Gaussian Elimination for the Poisson solver is not the favorite option).
- be reasonably fool-proof (make sure there
are warning flags if stability conditions are violated, etc..)
- Write a short report explaining
- The physical setup (you should already have all of this
from my notes)
- Precisely how the code works; you should
aim to write it as a "user manual", so that any person within this
AMS213 class can understand your code and use it themselves.

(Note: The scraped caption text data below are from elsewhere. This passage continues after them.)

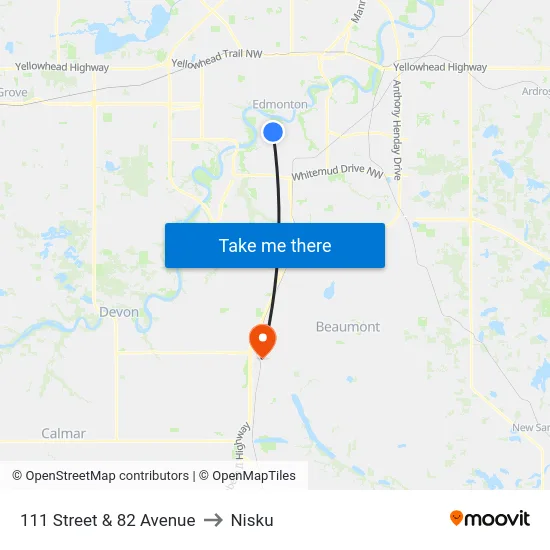 111 Street & 82 Avenue to Nisku map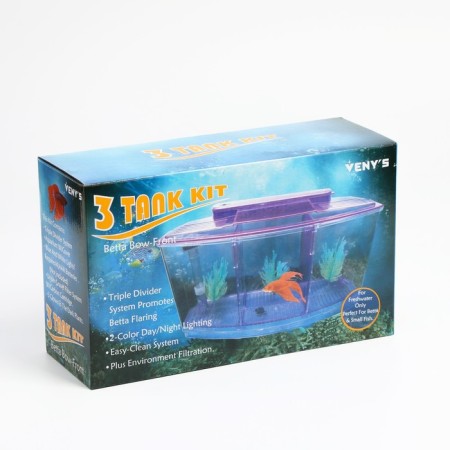 Aquarium set is three -section, with LED backlight, 2.55 liters, purple-7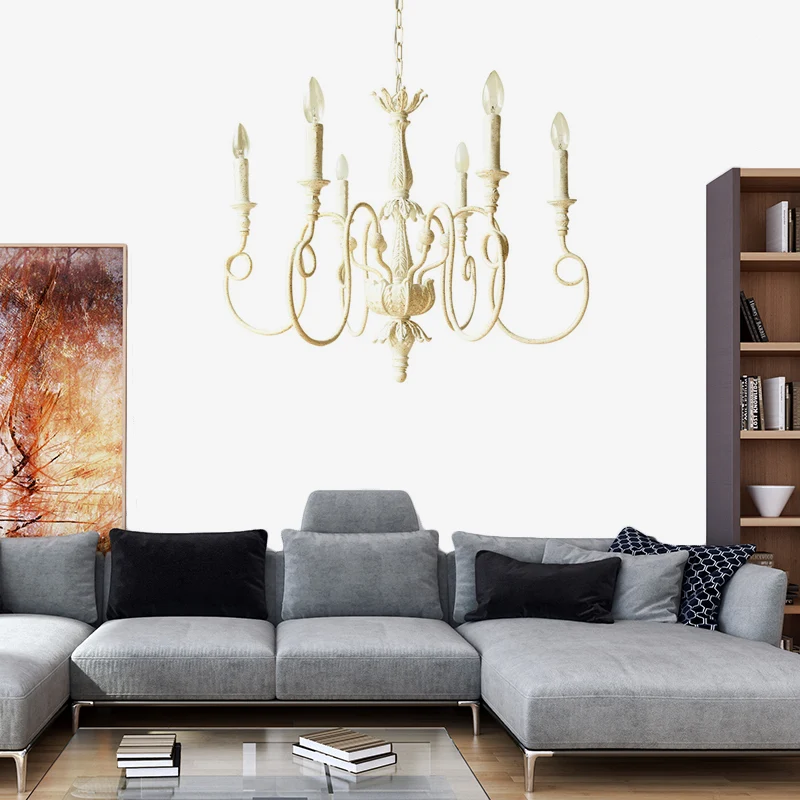 Witte Curve Arm Hanglamp Traditioneel Metaal 6/8 Lichten Woonkamer Kroonluchter Licht Clearhalo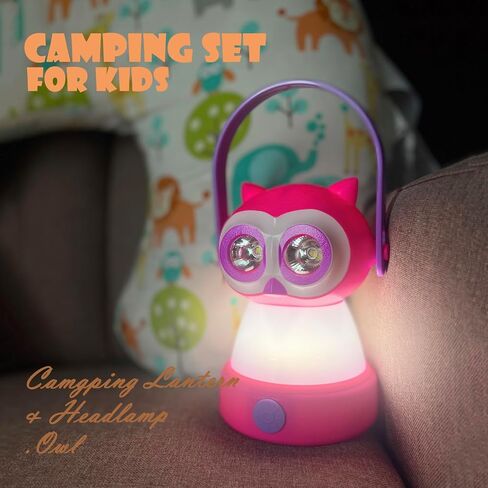 Kids Owl Lantern & Headlamp Set, 2-in-1 360° LED Camping Night Light, Battery Powered 3×AA, Child-Safe ABS, Portable Adventure Toy & Bedroom Night-Light (Pink Owl Lantern-Headlmp) in Kuwait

- What tests have you performed to ensure
that the results are correct. Imagine you are writing a paper and are
trying to convince the referee that your numerical scheme is a fair
representation of the true physical system.
- How would you go about estimating
numerical diffusivity for your algorithm
- and add to it
- a few examples of numerical experiments
you have performed, for varying initial conditions and varying
viscosity. In particular, you should aim to find the onset of
turbulence.
- If you are stuck and have failed to
achieve this, here are a few hints:
- your resolution needs to be at least
100x100, and the viscosity < 0.05 ( I am using 0.01 and even less
for very high resolution simulations)
- the most unstable modes are long
wavelength modes, so the onset of instability is easier to see for
large aspect ratio systems (try L=4 at least). If you set L = 4,
remember to use 4 times as many meshpoints in x than in y.
- don't be afraid to let the simulation run
for a while (the growth rate of the unstable modes can be long)
- try a forcing term such
that ubar = y2 (1-y)2
(1-2y) and set psi=0 on the top boundary.
- The results of the numerical simulations
can be added to the report as online material.
- Matlab can be used to create movies. If
you are stuck, I can give you a couple of scripts.